PDA

View Full Version : strange python string formatting performace



ssam
January 26th, 2011, 01:09 AM
I noticed some odd results in string formatting performance



sam@oberon:~$ /usr/lib/python2.6/timeit.py '"%i"%1'
10000000 loops, best of 3: 0.0357 usec per loop
sam@oberon:~$ /usr/lib/python2.6/timeit.py '"%s"%1'
10000000 loops, best of 3: 0.0357 usec per loop


here %i and %s take identical time. i would slightly expect %i to win (%s is more generic so ought to do more checking).


sam@oberon:~$ /usr/lib/python2.6/timeit.py '"%i%i"%(1,2)'
1000000 loops, best of 3: 1.44 usec per loop
sam@oberon:~$ /usr/lib/python2.6/timeit.py '"%s%s"%(1,2)'
1000000 loops, best of 3: 0.361 usec per loop

now with 2 numbers. %s is 4 times faster than %i. i really would not expect the more generic function to win. also why the change. any ideas whats going on?

i have also tried python 2.7 and got the same result.

MadCow108
January 26th, 2011, 01:35 AM
%s does not care what type of object it handles. it only needs that object to have __str__ implemented
%i on the other hand must check if the argument is a number before doing so.

so %s needs to do less work and is faster
this comes with the cost of less type safety in this case, you could have a string printed when you want an exception thrown.

do this:
if type(1) == type(int()) and type(2) == type(int()): "%s%s"%(1,2)
and the times will be similar

ssam
January 26th, 2011, 11:07 AM
sam@oberon:~$ /usr/lib/python2.6/timeit.py '"%s%s"%(1,2)'
1000000 loops, best of 3: 0.361 usec per loop
sam@oberon:~$ /usr/lib/python2.6/timeit.py '"%i%i"%(1,2)'
1000000 loops, best of 3: 1.44 usec per loop
sam@oberon:~$ /usr/lib/python2.6/timeit.py 'if type(1) == type(int()) and type(2) == type(int()): "%s%s"%(1,2)'
1000000 loops, best of 3: 1.29 usec per loop

so python is not using EAFP (Easier to Ask Forgiveness than Permission) internally in this case.

Queue29
January 26th, 2011, 04:02 PM
The "%" way of formatting strings is being deprecated anyway.
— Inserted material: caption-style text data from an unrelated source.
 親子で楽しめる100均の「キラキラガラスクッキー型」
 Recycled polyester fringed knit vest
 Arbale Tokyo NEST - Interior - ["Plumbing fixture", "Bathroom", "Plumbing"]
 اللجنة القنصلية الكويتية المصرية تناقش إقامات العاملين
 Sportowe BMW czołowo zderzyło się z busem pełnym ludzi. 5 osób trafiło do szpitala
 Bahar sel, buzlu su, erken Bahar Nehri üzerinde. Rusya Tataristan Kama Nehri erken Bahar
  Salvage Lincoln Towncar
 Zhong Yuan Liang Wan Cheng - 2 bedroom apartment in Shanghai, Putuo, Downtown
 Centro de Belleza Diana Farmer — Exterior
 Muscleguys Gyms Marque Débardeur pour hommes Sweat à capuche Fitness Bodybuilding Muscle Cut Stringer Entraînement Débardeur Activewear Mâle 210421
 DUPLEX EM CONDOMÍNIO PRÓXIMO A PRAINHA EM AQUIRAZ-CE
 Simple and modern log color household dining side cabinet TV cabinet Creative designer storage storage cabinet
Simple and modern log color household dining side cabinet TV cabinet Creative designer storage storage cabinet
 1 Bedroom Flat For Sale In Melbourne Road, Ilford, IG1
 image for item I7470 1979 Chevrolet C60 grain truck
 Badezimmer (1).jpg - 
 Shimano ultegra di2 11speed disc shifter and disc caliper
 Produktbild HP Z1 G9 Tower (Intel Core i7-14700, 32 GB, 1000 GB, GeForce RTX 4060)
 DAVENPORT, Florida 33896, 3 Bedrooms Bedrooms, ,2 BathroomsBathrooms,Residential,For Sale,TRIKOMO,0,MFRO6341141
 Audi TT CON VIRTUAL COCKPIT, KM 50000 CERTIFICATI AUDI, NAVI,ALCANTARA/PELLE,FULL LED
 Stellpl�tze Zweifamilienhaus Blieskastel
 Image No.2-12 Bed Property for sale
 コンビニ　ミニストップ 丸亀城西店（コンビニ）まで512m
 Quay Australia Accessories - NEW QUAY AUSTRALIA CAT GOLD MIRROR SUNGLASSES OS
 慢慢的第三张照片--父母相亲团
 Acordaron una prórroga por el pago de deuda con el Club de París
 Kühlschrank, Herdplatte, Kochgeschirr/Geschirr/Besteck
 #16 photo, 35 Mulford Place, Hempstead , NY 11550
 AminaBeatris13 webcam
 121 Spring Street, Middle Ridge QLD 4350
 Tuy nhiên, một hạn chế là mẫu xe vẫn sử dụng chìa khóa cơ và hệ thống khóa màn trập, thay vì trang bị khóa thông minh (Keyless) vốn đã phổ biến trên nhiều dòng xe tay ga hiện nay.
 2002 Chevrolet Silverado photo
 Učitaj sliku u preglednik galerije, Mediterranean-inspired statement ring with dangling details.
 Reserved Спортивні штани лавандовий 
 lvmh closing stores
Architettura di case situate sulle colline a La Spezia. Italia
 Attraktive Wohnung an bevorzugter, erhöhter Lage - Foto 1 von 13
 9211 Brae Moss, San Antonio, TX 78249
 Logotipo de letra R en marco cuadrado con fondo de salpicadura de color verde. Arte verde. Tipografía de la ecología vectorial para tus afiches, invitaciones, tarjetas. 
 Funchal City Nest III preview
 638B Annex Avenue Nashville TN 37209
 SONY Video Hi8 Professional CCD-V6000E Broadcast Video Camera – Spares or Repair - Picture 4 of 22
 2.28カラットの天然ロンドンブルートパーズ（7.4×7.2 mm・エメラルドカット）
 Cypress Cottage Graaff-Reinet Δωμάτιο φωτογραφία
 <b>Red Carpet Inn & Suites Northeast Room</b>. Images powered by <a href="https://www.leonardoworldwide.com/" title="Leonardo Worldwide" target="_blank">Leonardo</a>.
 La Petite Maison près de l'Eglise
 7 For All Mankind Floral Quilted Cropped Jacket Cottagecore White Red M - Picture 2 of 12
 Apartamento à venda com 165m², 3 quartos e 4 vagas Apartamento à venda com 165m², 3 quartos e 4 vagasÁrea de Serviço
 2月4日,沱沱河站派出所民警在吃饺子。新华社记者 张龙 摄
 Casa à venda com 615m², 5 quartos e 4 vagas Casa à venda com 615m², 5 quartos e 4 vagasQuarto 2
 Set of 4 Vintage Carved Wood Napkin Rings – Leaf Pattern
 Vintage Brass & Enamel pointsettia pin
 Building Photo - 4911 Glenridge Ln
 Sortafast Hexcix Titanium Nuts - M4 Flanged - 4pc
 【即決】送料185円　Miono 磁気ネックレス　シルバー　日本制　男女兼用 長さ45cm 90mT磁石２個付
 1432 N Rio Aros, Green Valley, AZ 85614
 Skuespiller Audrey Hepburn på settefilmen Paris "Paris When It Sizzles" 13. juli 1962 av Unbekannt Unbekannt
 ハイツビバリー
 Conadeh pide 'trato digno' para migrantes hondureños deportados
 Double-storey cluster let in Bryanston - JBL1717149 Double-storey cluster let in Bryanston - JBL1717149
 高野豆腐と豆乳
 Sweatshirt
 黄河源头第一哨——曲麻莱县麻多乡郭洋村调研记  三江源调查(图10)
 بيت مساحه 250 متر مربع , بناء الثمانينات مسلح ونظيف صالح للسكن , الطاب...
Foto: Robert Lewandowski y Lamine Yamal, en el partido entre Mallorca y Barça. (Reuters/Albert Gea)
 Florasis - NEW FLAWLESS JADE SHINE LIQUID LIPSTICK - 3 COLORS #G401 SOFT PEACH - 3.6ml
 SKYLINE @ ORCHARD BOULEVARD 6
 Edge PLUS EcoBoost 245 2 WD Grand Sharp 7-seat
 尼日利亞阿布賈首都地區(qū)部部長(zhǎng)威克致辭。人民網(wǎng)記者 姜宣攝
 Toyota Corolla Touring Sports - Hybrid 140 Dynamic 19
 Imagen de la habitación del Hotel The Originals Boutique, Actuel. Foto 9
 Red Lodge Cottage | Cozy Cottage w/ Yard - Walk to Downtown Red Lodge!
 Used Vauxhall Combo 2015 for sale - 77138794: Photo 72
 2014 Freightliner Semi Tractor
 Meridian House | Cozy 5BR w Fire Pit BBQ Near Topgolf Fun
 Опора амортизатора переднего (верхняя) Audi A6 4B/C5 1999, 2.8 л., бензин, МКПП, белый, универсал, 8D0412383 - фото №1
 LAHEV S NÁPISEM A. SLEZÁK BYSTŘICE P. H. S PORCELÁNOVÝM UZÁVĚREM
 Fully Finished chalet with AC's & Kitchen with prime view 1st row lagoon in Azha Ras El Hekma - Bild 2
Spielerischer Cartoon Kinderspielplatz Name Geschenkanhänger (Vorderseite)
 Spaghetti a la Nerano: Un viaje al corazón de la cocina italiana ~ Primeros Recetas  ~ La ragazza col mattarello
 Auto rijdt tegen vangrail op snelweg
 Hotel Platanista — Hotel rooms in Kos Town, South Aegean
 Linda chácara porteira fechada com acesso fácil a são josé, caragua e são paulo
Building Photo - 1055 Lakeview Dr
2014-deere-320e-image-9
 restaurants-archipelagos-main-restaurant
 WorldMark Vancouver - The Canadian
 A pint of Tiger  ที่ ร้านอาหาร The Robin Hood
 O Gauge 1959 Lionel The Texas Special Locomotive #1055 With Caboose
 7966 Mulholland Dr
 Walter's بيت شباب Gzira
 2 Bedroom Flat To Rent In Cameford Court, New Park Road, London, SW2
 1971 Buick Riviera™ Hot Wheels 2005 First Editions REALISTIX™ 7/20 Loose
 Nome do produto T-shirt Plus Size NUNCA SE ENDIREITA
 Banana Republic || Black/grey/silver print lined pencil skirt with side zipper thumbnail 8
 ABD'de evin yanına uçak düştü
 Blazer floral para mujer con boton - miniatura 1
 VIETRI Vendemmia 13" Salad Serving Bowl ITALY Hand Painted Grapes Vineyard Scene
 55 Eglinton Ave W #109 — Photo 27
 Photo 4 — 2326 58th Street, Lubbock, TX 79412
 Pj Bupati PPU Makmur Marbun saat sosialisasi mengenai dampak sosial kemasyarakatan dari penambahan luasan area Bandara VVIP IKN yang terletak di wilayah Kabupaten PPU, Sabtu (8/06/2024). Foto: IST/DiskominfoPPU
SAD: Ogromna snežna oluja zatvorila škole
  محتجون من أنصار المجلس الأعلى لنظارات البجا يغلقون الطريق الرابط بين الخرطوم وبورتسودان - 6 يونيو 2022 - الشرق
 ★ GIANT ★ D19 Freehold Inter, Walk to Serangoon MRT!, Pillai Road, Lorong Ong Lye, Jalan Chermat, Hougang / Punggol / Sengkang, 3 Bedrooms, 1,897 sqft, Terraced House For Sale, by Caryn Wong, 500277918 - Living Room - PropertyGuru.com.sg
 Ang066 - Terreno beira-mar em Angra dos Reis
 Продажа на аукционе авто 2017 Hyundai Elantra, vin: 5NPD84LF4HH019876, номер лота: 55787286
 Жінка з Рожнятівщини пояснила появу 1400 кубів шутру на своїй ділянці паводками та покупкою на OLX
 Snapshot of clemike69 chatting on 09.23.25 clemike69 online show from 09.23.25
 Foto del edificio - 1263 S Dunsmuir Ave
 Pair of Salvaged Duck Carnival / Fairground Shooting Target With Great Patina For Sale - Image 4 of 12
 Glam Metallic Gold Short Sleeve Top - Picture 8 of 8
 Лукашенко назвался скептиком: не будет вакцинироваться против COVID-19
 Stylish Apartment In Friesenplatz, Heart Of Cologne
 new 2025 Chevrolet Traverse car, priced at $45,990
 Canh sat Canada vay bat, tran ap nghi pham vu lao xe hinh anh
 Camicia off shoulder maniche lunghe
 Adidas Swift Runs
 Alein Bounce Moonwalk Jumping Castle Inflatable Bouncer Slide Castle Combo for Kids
You should get used to not using this wonderful feature before you get accustomed to it.

http://docs.python.org/release/3.0.1/whatsnew/3.0.html#pep-3101-a-new-approach-to-string-formatting

ssam
January 26th, 2011, 09:10 PM
yes. although the new style needs python 2.6 (some people like to run scientific linux with python 2.4 :-( )

i have a bunch of code that looks like



def f(f1):
return "%.12e" % float(f)

def i(i1):
return str(int(i))

out = ""
out += f(d['a']) + " " + f(d['b']) + " " + f(d['c']) + "\n"
out += i(d['d']) + " " + i(d['e']) + " " + i(d['f']) + "\n"
...


the output is an ascii input file of an old program, so f() and i() are functions so that the format could be easily tweaked (bad things happen if you give too many decimal places).

so i have been playing around with ways to make it faster.

MadCow108
January 27th, 2011, 12:31 AM
you might want to use join or direct formating instead of the + operator

the + operator performance varies over implementations and can be very slow. Strings are immutable so it implies a bunch of copying on each + call (=> N^2 complexity)
cpython can optimize that partly, others it may not.